Medicação: diário falha. Registrar cada sensação para reportar aqui. Tontura constante. Náuseas. Outras coisas não quero dizer. “Um sucesso”, o médico resume. Pois é. Bula, uma nova modalidade de história de terror.

 

Nomes dos monstros: efavirenz, fumarato de tenofovir desoproxila, iquego lamivudina duas vezes, toda noite.

 

Itinerário da rotina: segunda a sexta são dias úteis. Sábados, domingos, feriados. Horário comercial, o corpo o tempo todo. Um peregrino deixa sua cidade natal no Ceará e ruma a pé para o Rio de Janeiro para ver o papa Francisco. Um artista plástico deixa sua cidade em Minas e ruma a pé a Nova York para participar de uma exposição. Histórias comoventes dos nômades. Planos de ir pro Alasca a pé: abortar. Ou: história comovente, a cada mês o medicamento esperando em algum recanto claro de nuestra América.

 

Planos de viver até os 80 anos.

 

Planos de escrever um livro até outubro. Quando começa a primavera.

 

Planos de dormir esta noite, para acordar no dia seguinte.

 

Influir na política pública nacional de combate à epidemia. Chego na porta do prédio do hospital. Encaro dias seguidos as teclas do computador. Escrever um texto didático.

 

Plano didático: a importância da militância social para continuar vivo nesta bosta de mundo.

 

Plano didático: a importância de dizer a todo mundo que o mundo não é uma bosta, não, impressão sua. Lembrar que outubro é primavera. Lembrar das coisas boas. Lembrar das armas buenas.

 

Coisas para comentar: Dilma Rousseff patinando no gel reaça. Ministro da Saúde Alexandre Padilha fazendo beija-mão com os evangélicos. Medos: que o Brasil vire o Irã.
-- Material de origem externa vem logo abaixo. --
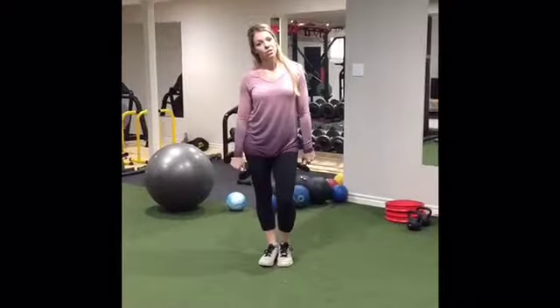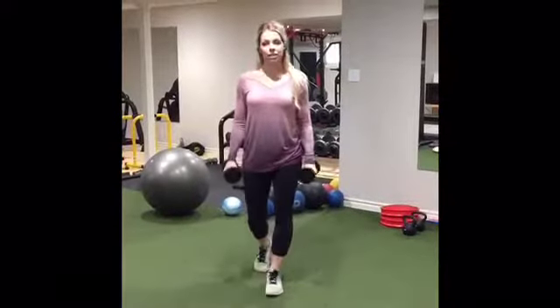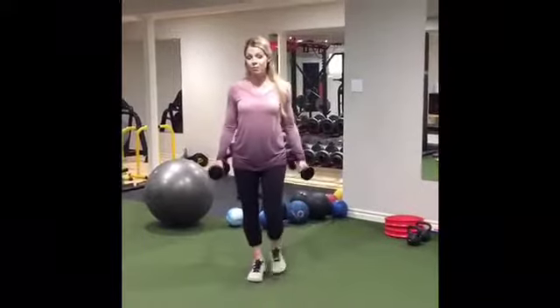Hey guys, Krista here, Physical Conditioning Coach. Today I'm going to show you an exercise that I do for the shoulders called a side front row. That's what I call it.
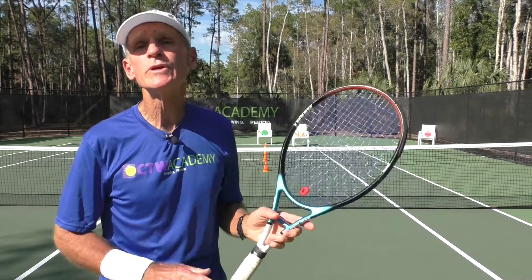Hi, Coach Tom Avery here, and today's lesson is on how to hit a volley down the line off of your opponent's cross-court passing shot. This can be a difficult shot for players. Many players hit this one wide, and there's a reason for that.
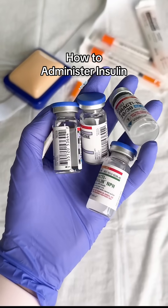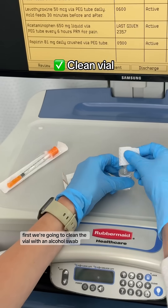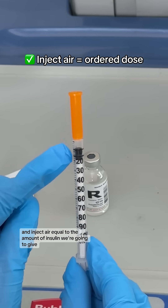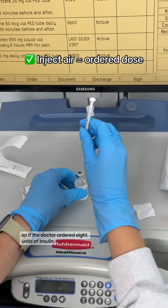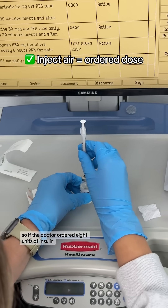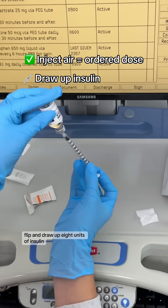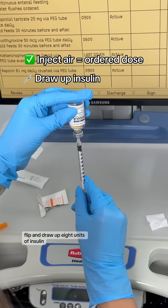Let's talk about how to administer insulin. First, we're going to clean the vial with an alcohol swab and inject air equal to the amount of insulin we're going to give. So if the doctor ordered eight units of insulin, we will inject eight units of air into the vial, flip, and draw up eight units of insulin.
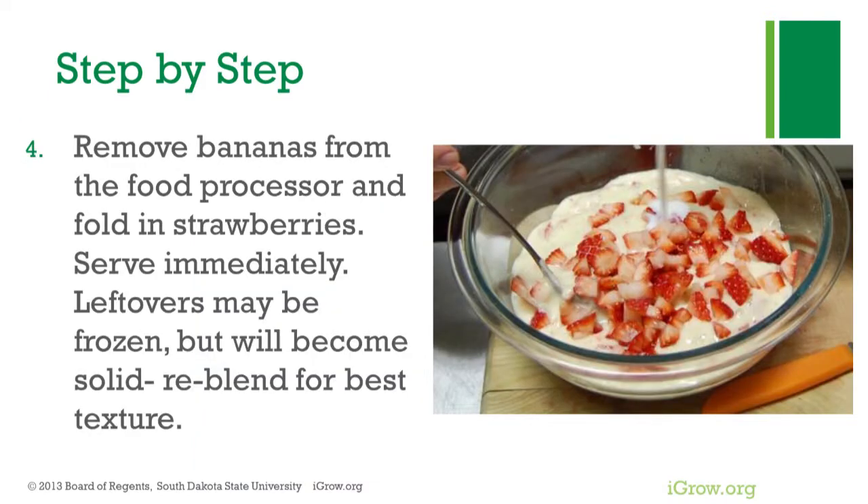Remove bananas from the food processor and fold in strawberries. Serve immediately. Leftovers may be frozen but will become solid — re-blend for best texture.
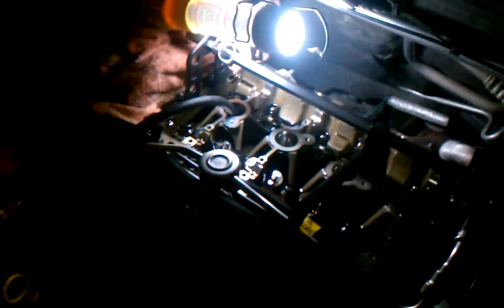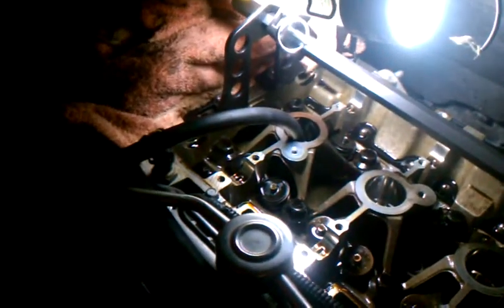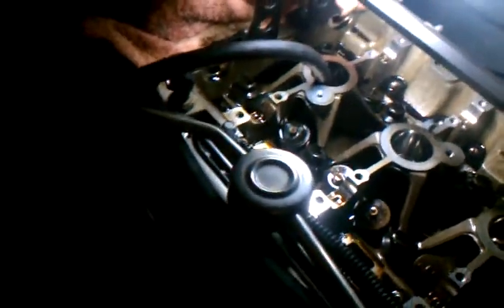This is a valve spring change on the motor in the car — 2006 LSJ, 82 pound springs. You're going to need a spring compressor setup something like this. You're going to need to compress the cylinder with air — this was the best way we could find to do it and get the keepers in and out.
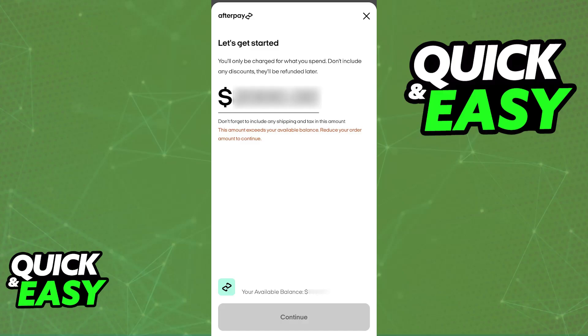You will have to include how much you want to spend. According to your available balance, you can include the exact amount that you are going to be spending within the app. Don't forget to include any shipping costs as well as possible fees.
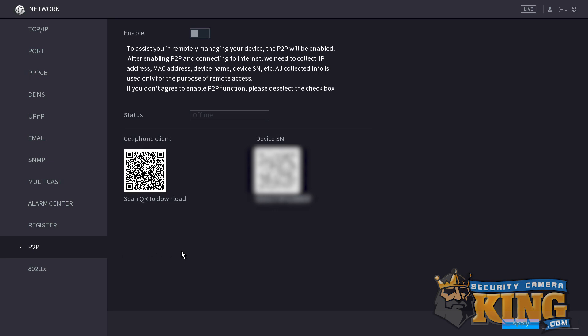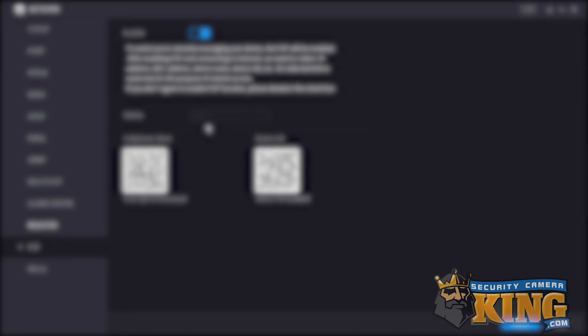Take note of the QR code and the number you see under device SN. We're going to need that later when adding this to a phone or computer, but for now we just need to click enable on the slider. Go down and click apply, and keep in mind that we may not see the status change to online right away. All we have to do is refresh the page — simply click any other tab and go back to the P2P tab. You'll see now that our status has changed to online and P2P is up and running.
Que o Brasil vire o Brasil. Desmanche do programa de combate à epidemia. Desmanche dos movimentos sociais. Desmanche dos sindicatos. Consequências. Causas.

 

Objetivo: ser edificante. Missão: abortada.

 

Objetivo: que este texto traduza a sensação de tontura do medicamento. Missão: foda-se.

 

Tópicos relacionados: finitude do corpo. Gozo. Permanência do corpo. Precaução do gozo. Apesar. Antidepressivo.

 

Tópicos relacionados: doenças terminais na família. Doenças terminais que não a minha. Qualquer doença é terminal? Sensação de identidade entre saúde e doença. Fim da doença.

 

Fontes: www.aids.gov.br; http://www.unaids.org; http://agenciaaids.com.br.

 

(Se eu ler a palavra aids mais uma vez, vomito.)

 

Texto para linkar: http://agenciaaids.com.br/artigos/interna.php?id=421. Título: Por uma nova resposta à epidemia. Ressalva: leiam!

 

Nota mental: ser mais útil. Ressalva: ser como Mário Scheffer (autor do texto linkado acima – leiam – e gato na foto). Escrever texto útil e didático sobre aids hoje em dia. Nota mental: HOJE EM DIA. Missão: foda-se.

 

Estado: de nervos.

 

Compilação: “There’s a place where lovers go…”.

[entra vídeo]

 

Insônia. Choro e ranger de dentes. Fórmula: texto é igual a tudo o que existe menos tudo o que não entra no texto. Fórmula: texto está para vida como tudo está para. Complete. Ponha num envelope com quatro cupons recortados da sua revista Geni. Peça ao jornaleiro. Envie para [endereço] respondendo à pergunta: qual a revista que não chega à sua banca? Queime a carta, queime a banca. Complete.

 

Possíveis desdobramentos (anotações pra colunas futuras): relação do soropositivo com a família, com o trabalho, com os amigos. Soropositividade na terceira idade, na maternidade, na população em situação de rua.

 

Possíveis desdobramentos (a longo prazo): soropositividade e luta de classes. Irrelevância da soropositividade de classe média face aos grandes problemas da humanidade. O câncer, afinal, mata muito mais. A fome. Lembrete: não qualificar pelo número de mortes. Lembrete: não mesmo?

 

Questão 1: pra que serve um texto?

 

Questão 2 (apenas se for relevante): a que velocidade viaja o planeta Terra no sistema solar?

 

Fechar: mensagem reconciliatória trazida pela nova MPB

[entra vídeo]

Leia outros textos de Marcos Visnadi e da coluna Tuttomondo.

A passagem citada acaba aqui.